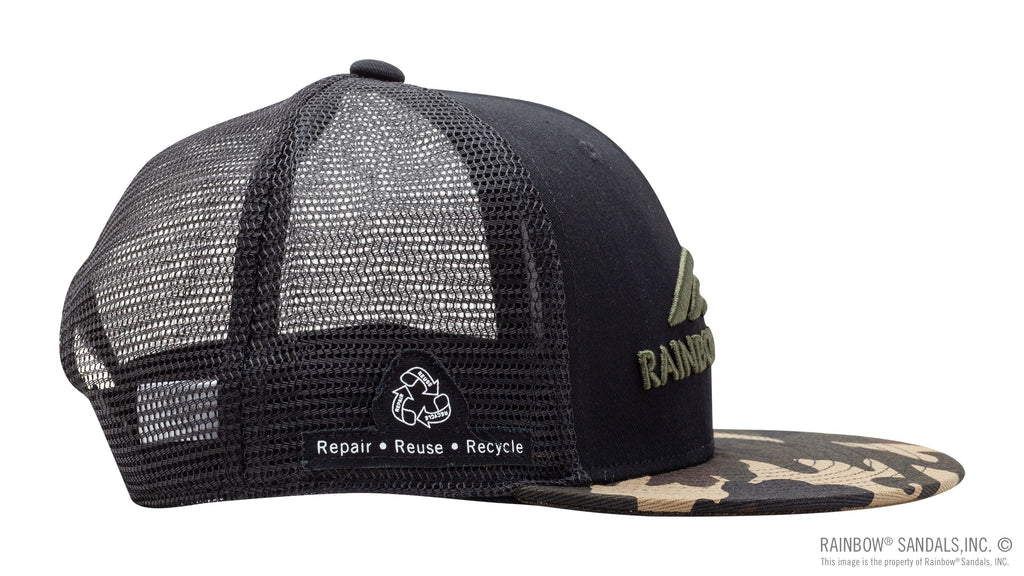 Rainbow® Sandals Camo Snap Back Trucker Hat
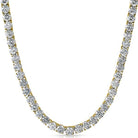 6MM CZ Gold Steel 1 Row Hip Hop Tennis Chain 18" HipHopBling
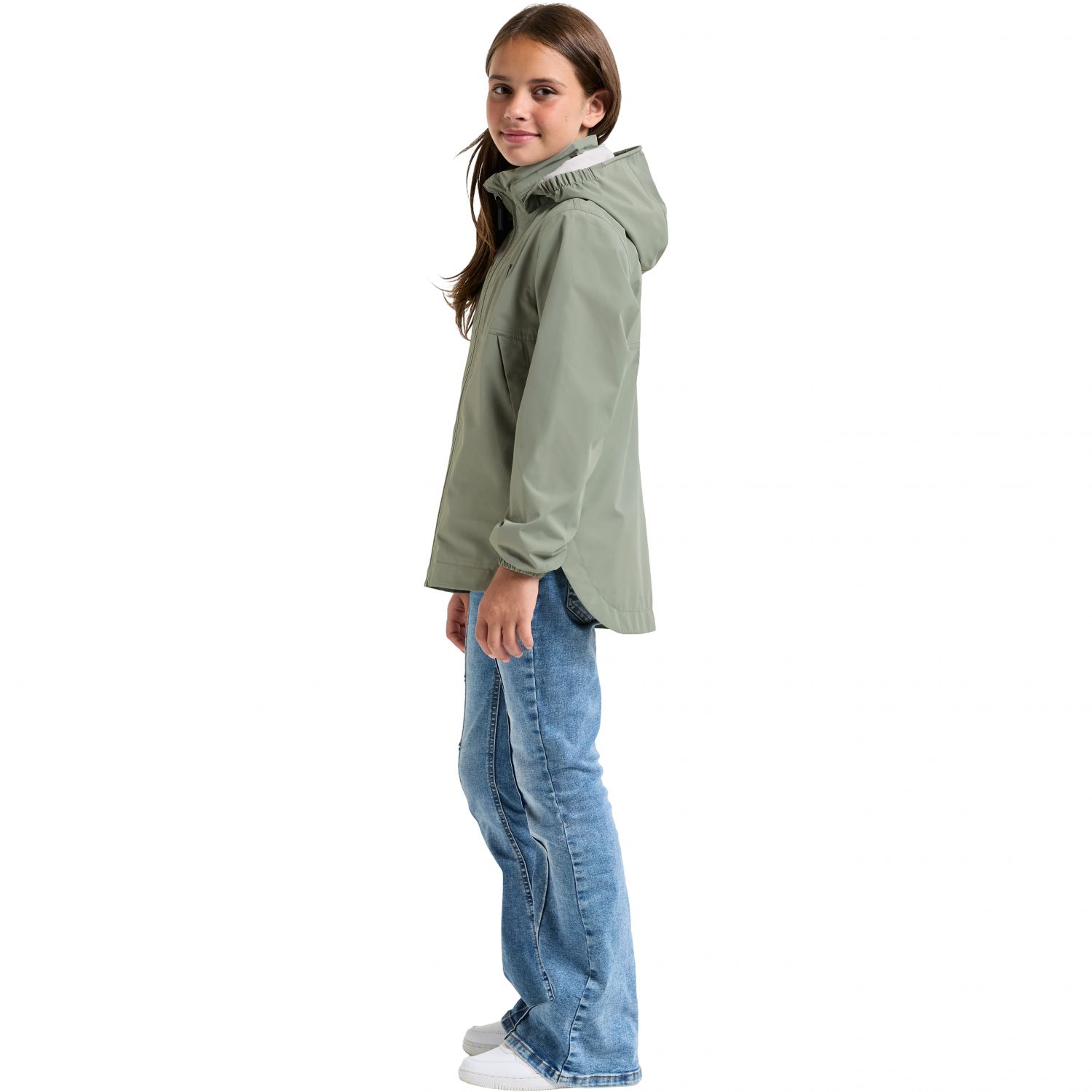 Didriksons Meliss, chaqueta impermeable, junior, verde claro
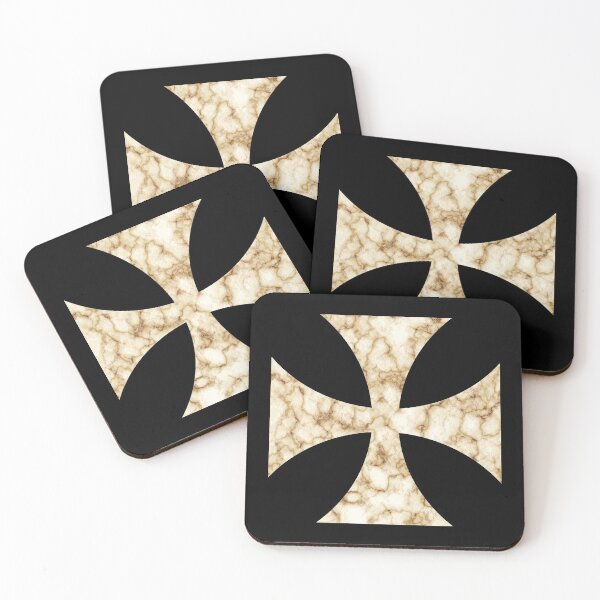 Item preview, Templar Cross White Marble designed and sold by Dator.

|---|

■ Action item ■
Reproduce the whole listing exactly, but not the images in it.

■ Reply ■
 Rainbow® Sandals Camo Snap Back Trucker Hat
 6MM CZ Gold Steel 1 Row Hip Hop Tennis Chain 18" HipHopBling
 Didriksons Meliss, chaqueta impermeable, junior, verde claro
 Item preview, Templar Cross White Marble designed and sold by Dator.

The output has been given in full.